Sebla KOÇAN / [email protected]
Alternatif pop dünyasının 2020 yılı içinde en çok konuşulan, en çok dinlenen ekiplerinden biri oldu Perdenin Ardındakiler. Doruk Ereşter ve Direnç Kaçmaz’dan oluşan ekip, henüz ismini açıklamadıkları yeni albümleri öncesinde “Bu Şehir Bugün Sensiz” adını verdikleri yeni bir single yayınladılar. Perdenin Ardındakiler, yazdıkları şarkıların mutsuzluğun değil, tecrübenin sonucu oduğunu düşünüyor. Doruk Ereşter, “Tecrübe ettiğimiz kadarıyla var olabiliyoruz. Bazen çok kötü tecrübeler, daha doğru adımlar atmamız için bize yol gösterebiliyor” diyor. Ve ekliyor: “Ancak insan olmak, insan olmaya çalışmak başlı başına bir mesele. Kırdıkça, kırıldıkça insan olduğumu hissediyorum ben. Bu açıdan hüzün benim için sevinçten çok daha güçlü bir duygu…” Perdenin Ardındakiler’e merak ettiklerimizi sorduk.

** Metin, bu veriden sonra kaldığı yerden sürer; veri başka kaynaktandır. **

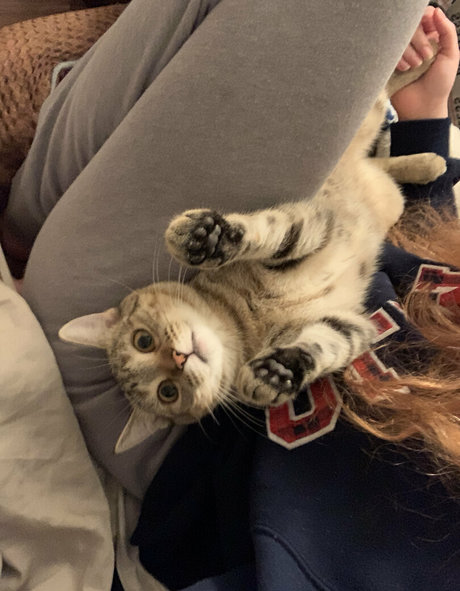 sexyredinbedfree leaked onlyfans free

“Bu Şehir Bugün Sensiz” henüz yayınlandı, bu şarkı yeni yayınlanacak olan albümünüzü yansıtan bir şarkı mı? Nasıl bir albüm yaptınız, bu şarkıdaki gibi yüzleşme, pişmanlık gibi duygularla karşılaşacak mıyız, biraz anlatır mısınız?
“Bu Şehir Bugün Sensiz” genel olarak albümün duygusunu, hüznünü yansıtan bir şarkı aslında. Albüm zaten büyük ölçüde bir sanrı, bir yüzleşme, bir hüsran durumu çevresinde şekilleniyor. Farklı soundlar barındıran ancak genel olarak kasvetli bir albüm yaptığımızı söyleyebiliriz. Sonuçtan kendi açımızdan çok memnunuz, umarım dinleyicilerimiz de beğenir 🙂
“Bu Şehir Bugün Sensiz”in kapak fotoğrafında ödüllü Türk ressam Ece Gauer ile birlikte çalıştınız. Çok etkileyici bir seçim, gerçekten duvara asmalık bir çalışma olmuş. Şarkının ruhuyla nasıl özdeşleştirdiniz, bu çalışmanın ortaya çıkış süreci nasıl oldu?

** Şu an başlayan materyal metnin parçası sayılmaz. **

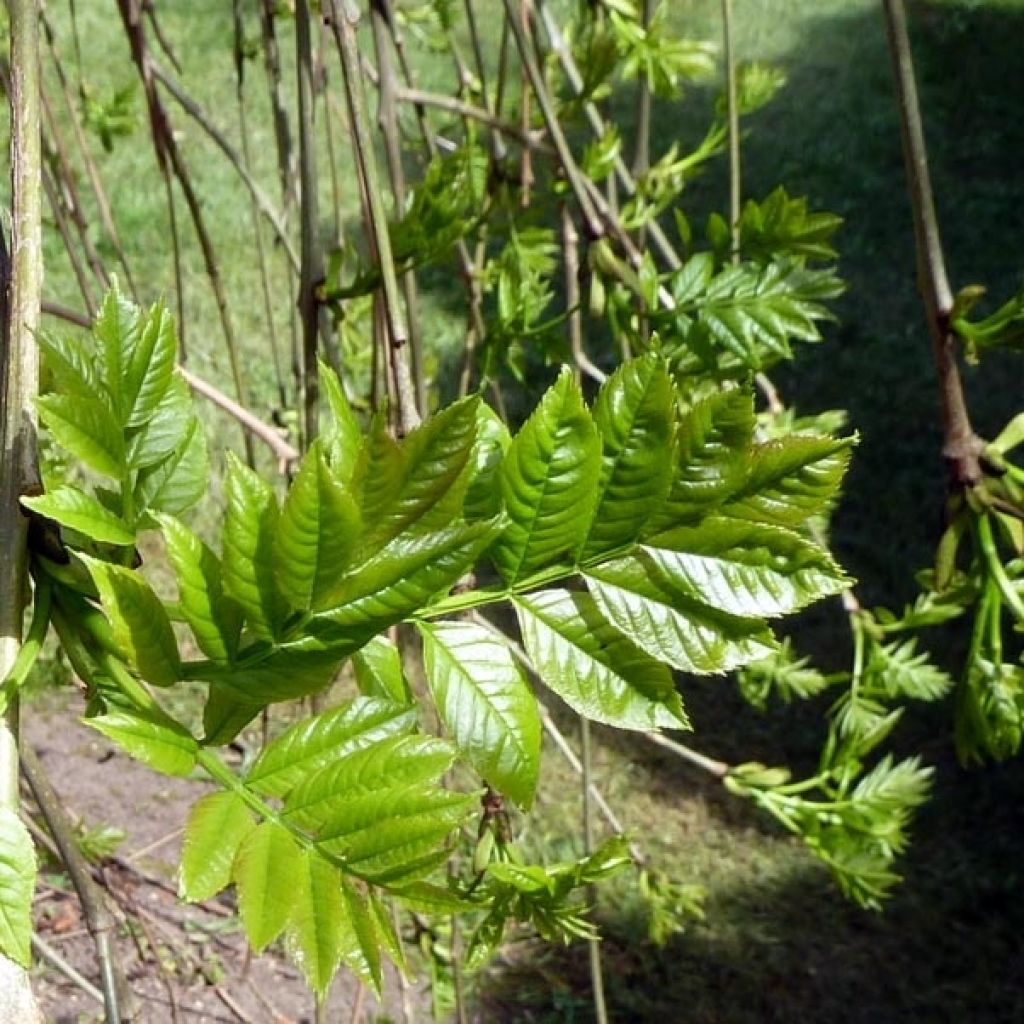 Fraxinus excelsior Pendula - Ash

Ece Gauer gerçekten bayıldığımız bir sanatçı. Albüm sürecinde birlikte çalışma fikri ortaya çıkmadan önce de eserlerini severek takip ediyorduk. Hatta evimizde kendisine ait bir adet tablo da asılıydı 🙂 Onunla çalışmak istediğimizi belirttiğimizde sevgili Ece de en az bizim kadar heyecanlandı ve albüm sürecine dair tüm kapakları resmetmeyi kabul etti. Biz Ece’ye yalnızca şarkıları gönderdik ve şarkıların onda hissettirdiklerini resmetesini istedik. Onun üretim sürecine hiçbir şekilde karışmadık ve ortaya çıkan sonuç hepimizi büyüledi diyebilirim. Adeta şarkıları bizim gözümüzden resmetmiş gibi hissettik. Harika bir ressam, harika tasvirler..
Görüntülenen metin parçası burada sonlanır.